- Opening Delimiter -

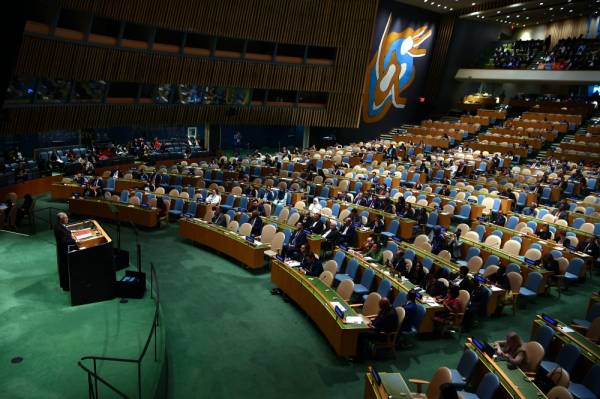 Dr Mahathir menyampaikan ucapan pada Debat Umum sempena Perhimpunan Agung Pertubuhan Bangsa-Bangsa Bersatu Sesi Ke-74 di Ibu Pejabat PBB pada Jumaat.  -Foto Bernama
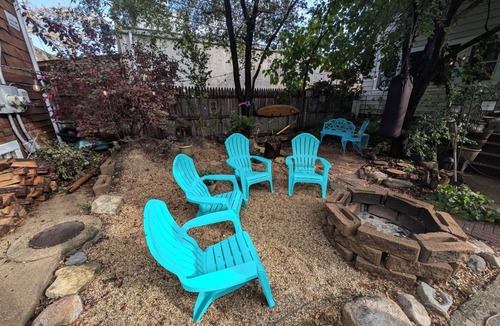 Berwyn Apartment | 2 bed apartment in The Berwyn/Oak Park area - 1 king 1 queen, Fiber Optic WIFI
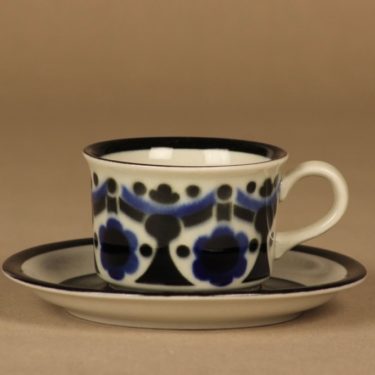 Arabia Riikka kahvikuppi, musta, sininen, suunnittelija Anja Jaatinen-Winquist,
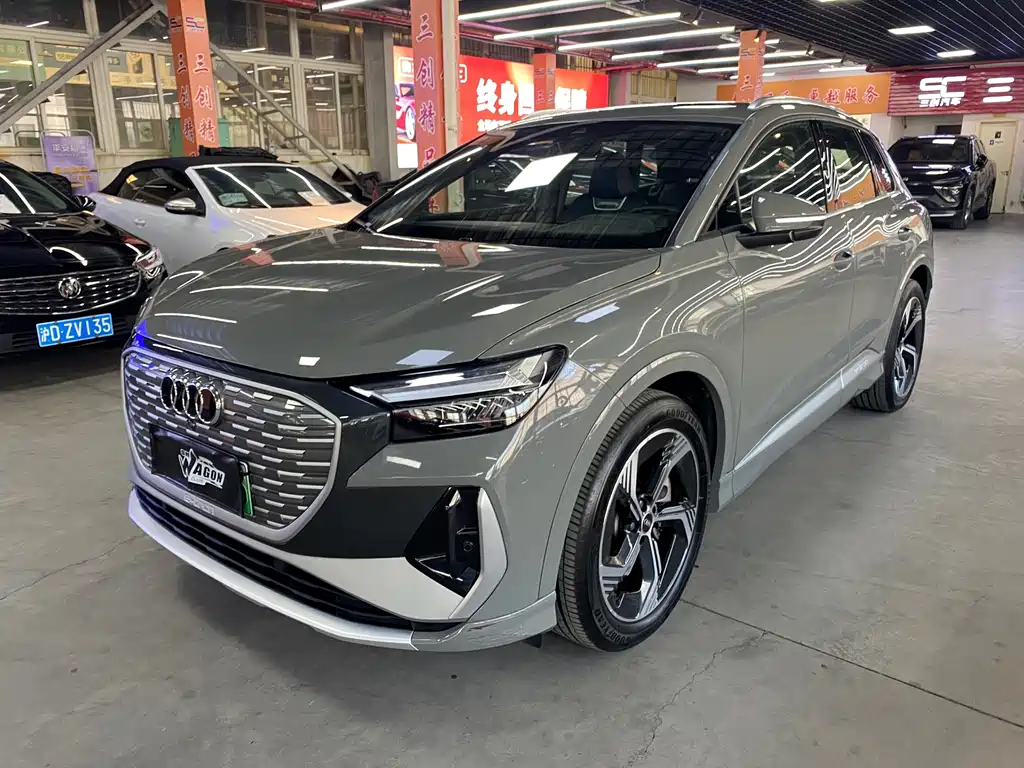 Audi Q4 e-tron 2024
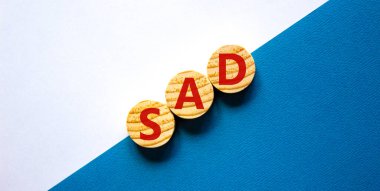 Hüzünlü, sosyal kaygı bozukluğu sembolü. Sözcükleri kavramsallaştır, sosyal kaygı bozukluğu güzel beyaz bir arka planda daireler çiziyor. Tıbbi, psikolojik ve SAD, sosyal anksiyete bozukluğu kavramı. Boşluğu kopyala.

- Closing Delimiter -

■ **Task goal**
Reproduce the lines above beginning at the line that contains "Berwyn Apartment |" and ending at the line that contains "Audi Q4 e-tron 2024". No pictures.

■ **Response**
 Berwyn Apartment | 2 bed apartment in The Berwyn/Oak Park area - 1 king 1 queen, Fiber Optic WIFI
 Arabia Riikka kahvikuppi, musta, sininen, suunnittelija Anja Jaatinen-Winquist,
 Audi Q4 e-tron 2024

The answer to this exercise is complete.